**TASK PROMPT**
Starting with the first line below, extract each line through the one that contains "Half-Demons on the", inclusive, excluding pictures.

[RECORDS FOR THE EXERCISE Boundary: Start]

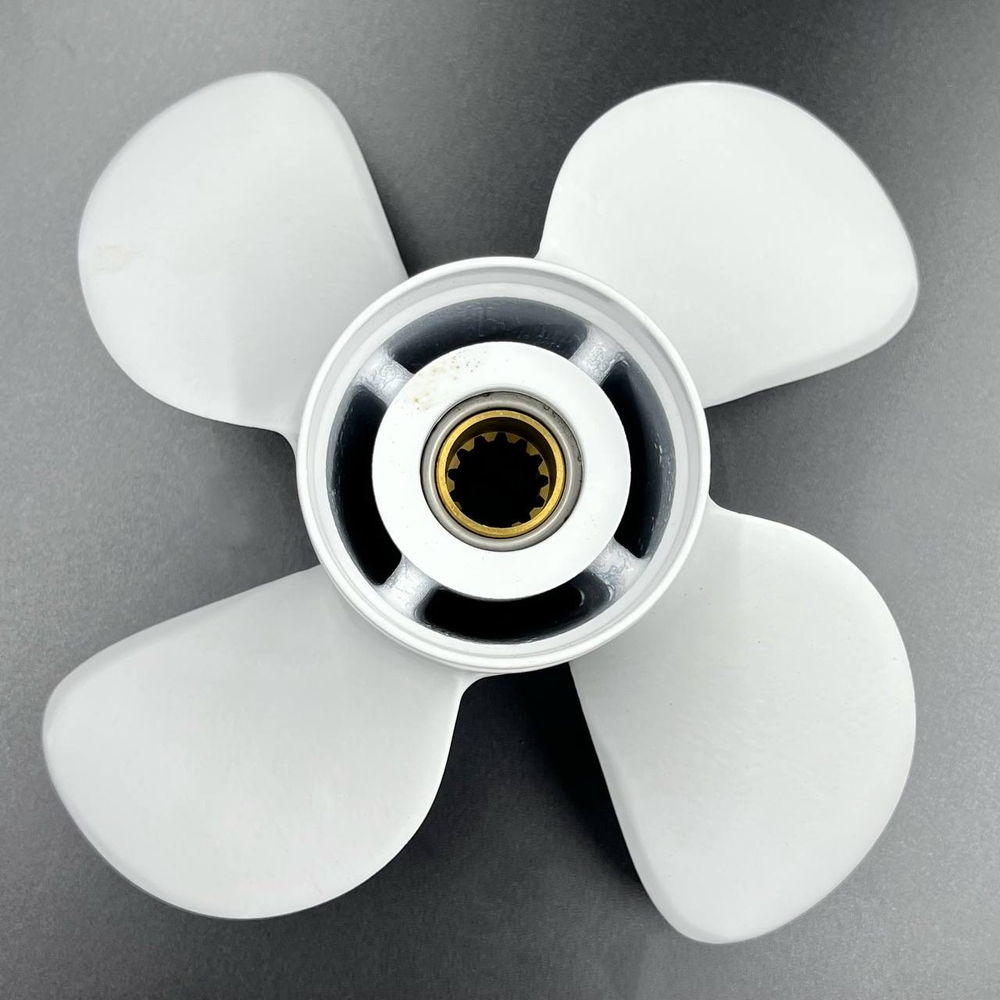 Гребной винт Yamaha 40-55, F30-60 Megara (4x10.1x14) (Polastorm)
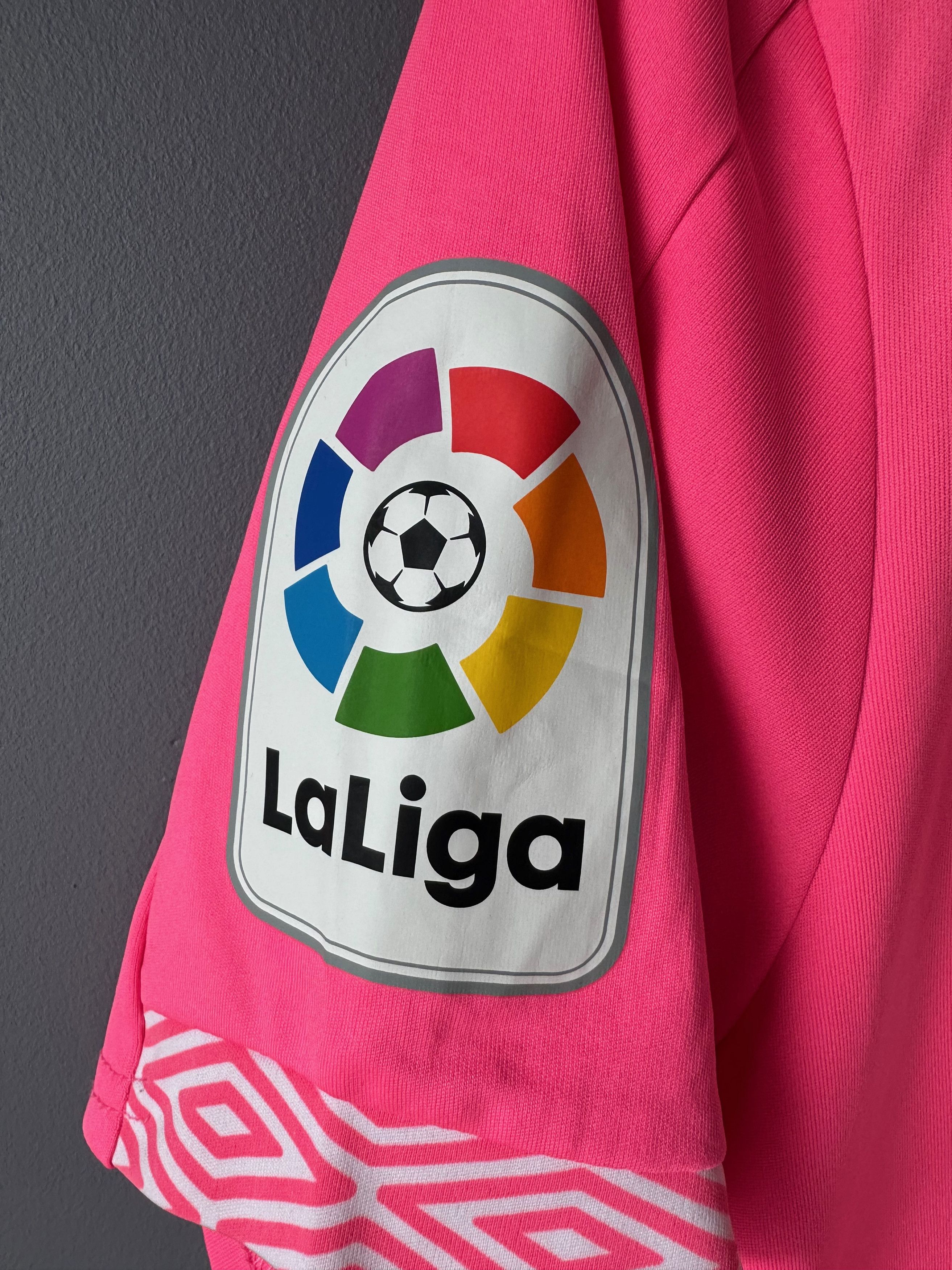 Umbro 2020 RCD Mallorca #23 Amath Ndiaye Third Kit Umbro soccer Size US M / EU 48-50 / 2 - 6 Thumbnail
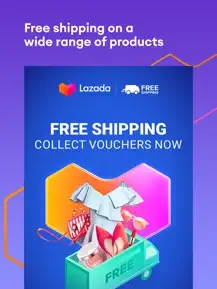 Lazada (App ช้อปปิ้ง ซื้อสินค้าออนไลน์ จากเว็บ Lazada)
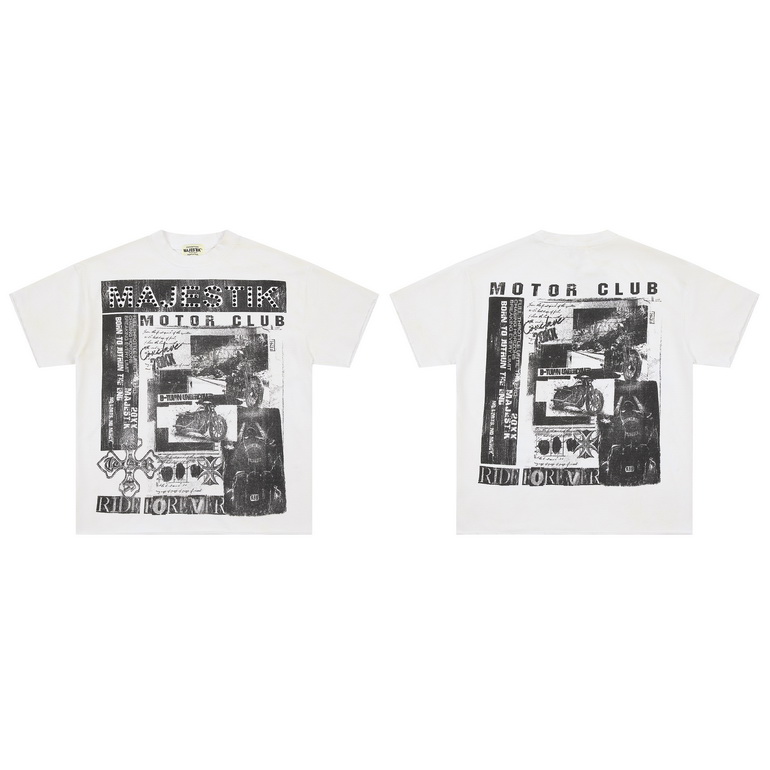 MAJESTIK T-shirts-060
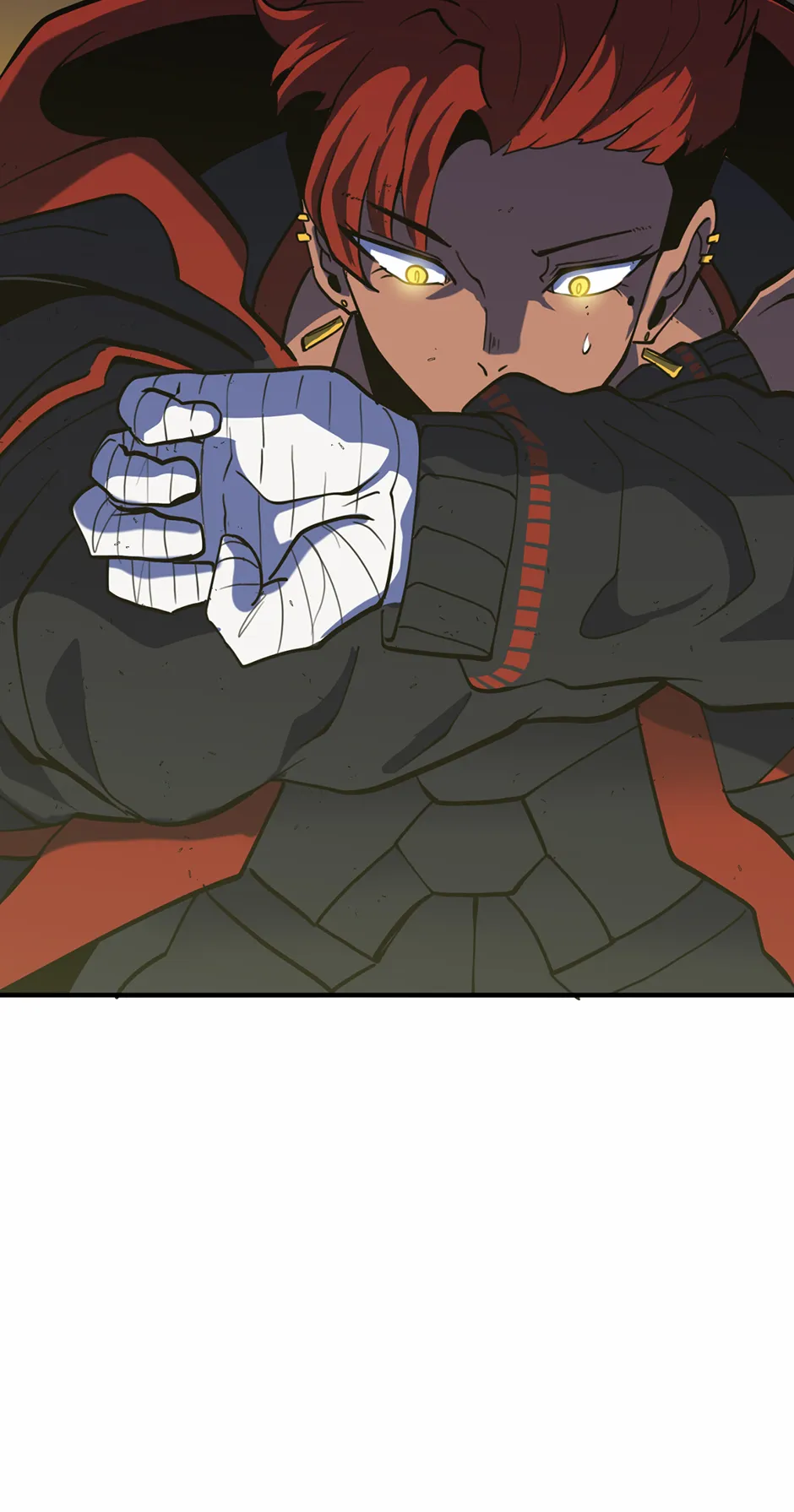 Half-Demons on the Borderline Chapter 38 - page 27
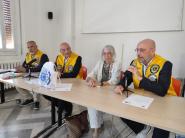 USL e Lions: i “Kit Codice Rosa” da destinare alle persone vittime di violenza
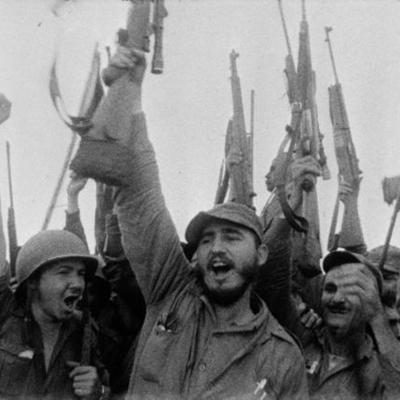 Timeline: Cold War by Branden May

[RECORDS FOR THE EXERCISE Boundary: End]

**WRITTEN ANSWER**
 Гребной винт Yamaha 40-55, F30-60 Megara (4x10.1x14) (Polastorm)
 Umbro 2020 RCD Mallorca #23 Amath Ndiaye Third Kit Umbro soccer Size US M / EU 48-50 / 2 - 6 Thumbnail
 Lazada (App ช้อปปิ้ง ซื้อสินค้าออนไลน์ จากเว็บ Lazada)
 MAJESTIK T-shirts-060
 Half-Demons on the Borderline Chapter 38 - page 27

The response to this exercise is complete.